A precondition is that they are not equal, you would use it like this in that way:
if (a == b)
cout << "equal";
else
{
uint lowest = lowestPos(a, b);
cout << (lowest == a ? "a is lowest" : "b is lowest");
}
You can introduce const when you want to prevent changes or references if you want to change the result. Under normal conditions the computer will optimize and even inline the function.
No cleverness, reasonable clarity, works for ints and floats:
template<class T>
inline
bool LowestPositive( const T a, const T b, T* result ) {
const bool b_is_pos = b > 0;
if( a > 0 && ( !b_is_pos || a < b ) ) {
*result = a;
return true;
}
if( b_is_pos ) {
*result = b;
return true;
}
return false;
}
Note that 0 (zero) is not a positive number.
OP asks for dealing with numbers (I interpret this as ints and floats).
Only dereference result pointer if there is a positive result (performance)
Only test a and b for positiveness once (performance -- not sure if such a test is expensive?)

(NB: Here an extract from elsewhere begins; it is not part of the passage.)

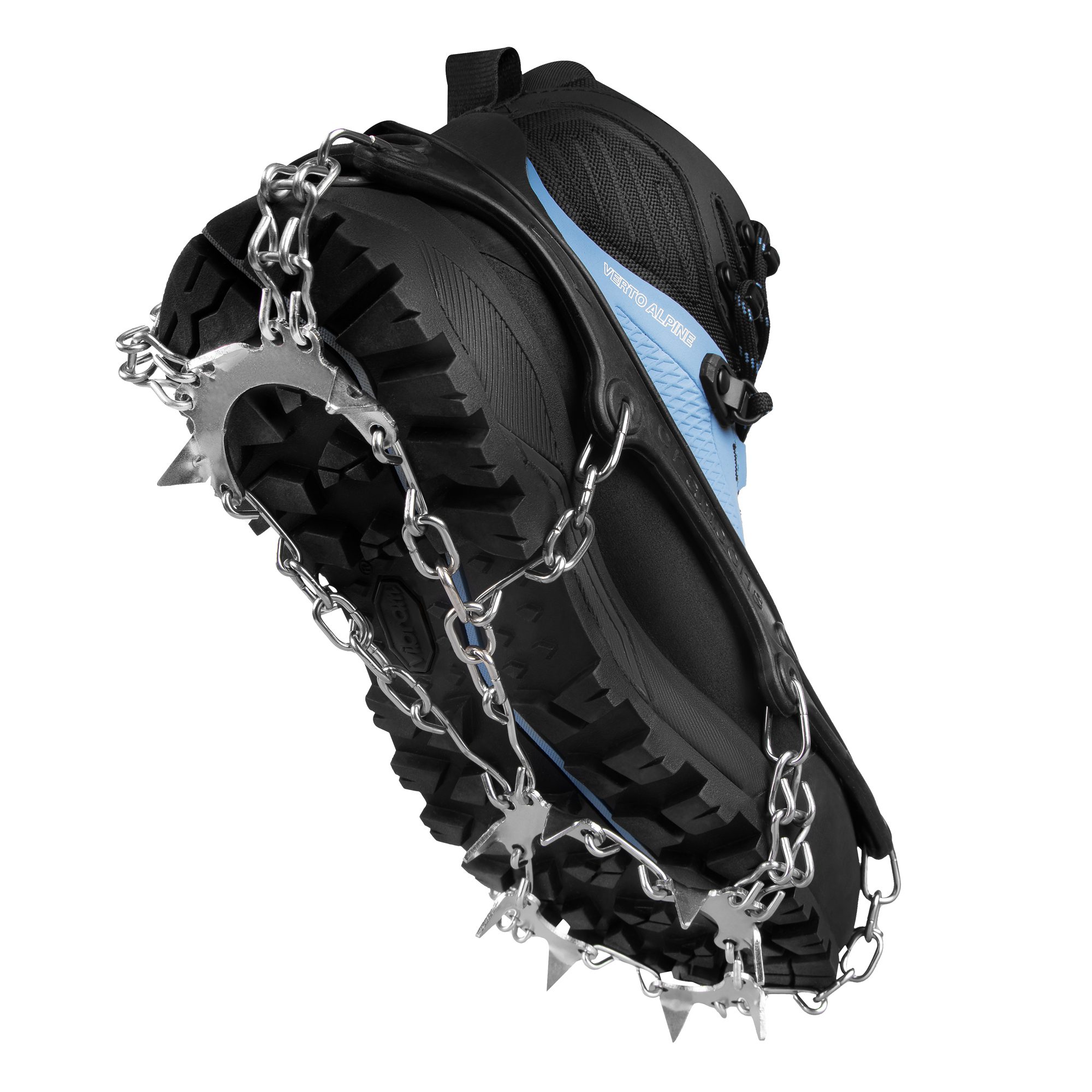 Spokey SECU raczki M blauw 11 tanden Spokey SECU raczki M blauw 11 tanden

Note also that the accepted answer (by tvanfosson) is wrong. It fails if a is positive and b is negative (saying that "neither is positive"). (This is the only reason I add a separate answer -- I don't have reputation enough to add comments.)

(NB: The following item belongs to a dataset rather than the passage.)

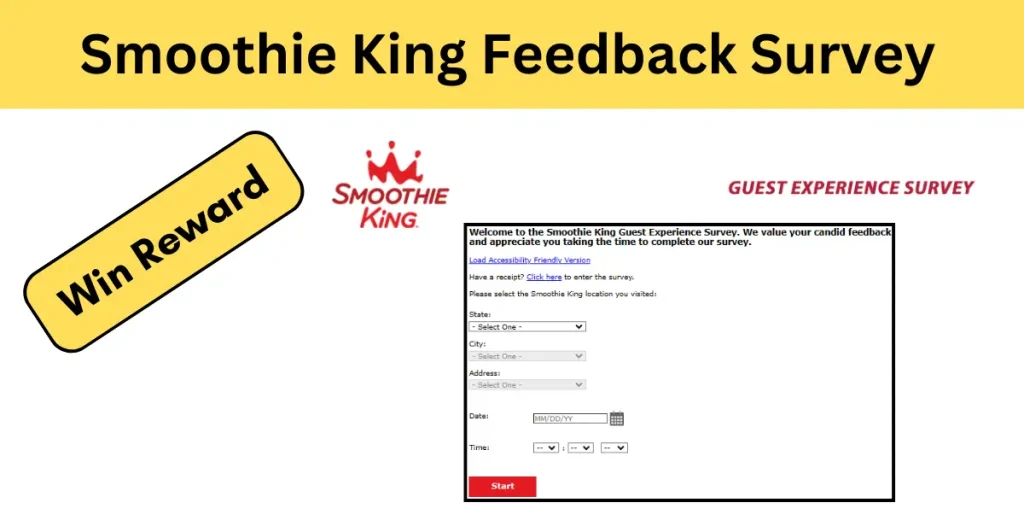 Smoothie King Feedback Survey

My idea is based on using min and max. And categorized the result into three cases, where
min <= 0 and max <= 0
min <= 0 and max > 0
min > 0 and max > 0
The best thing is that it's not look too complicated.
Code:
bool lowestPositive(int a, int b, int& result)
{
int min = (a < b) ? a : b;
int max = (a > b) ? a : b;
bool smin = min > 0;
bool smax = max > 0;
if(!smax) return false;
if(smin) result = min;
else result = max;
return true;
}
After my first post was rejected, allow me to suggest that you are prematurely optimizing the problem and you shouldn't worry about having lots of if statements. The code you're writing naturally requires multiple 'if' statements, and whether they are expressed with the ternary if operator (A ? B : C) or classic if blocks, the execution time is the same, the compiler is going to optimize almost all of the code posted into very nearly the same logic.
Concern yourself with the readability and reliability of your code rather than trying to outwit your future self or anyone else who reads the code. Every solution posted is O(1) from what I can tell, that is, every single solution will contribute insignificantly to the performance of your code.
I would like to suggest that this post be tagged "premature optimization," the poster is not looking for elegant code.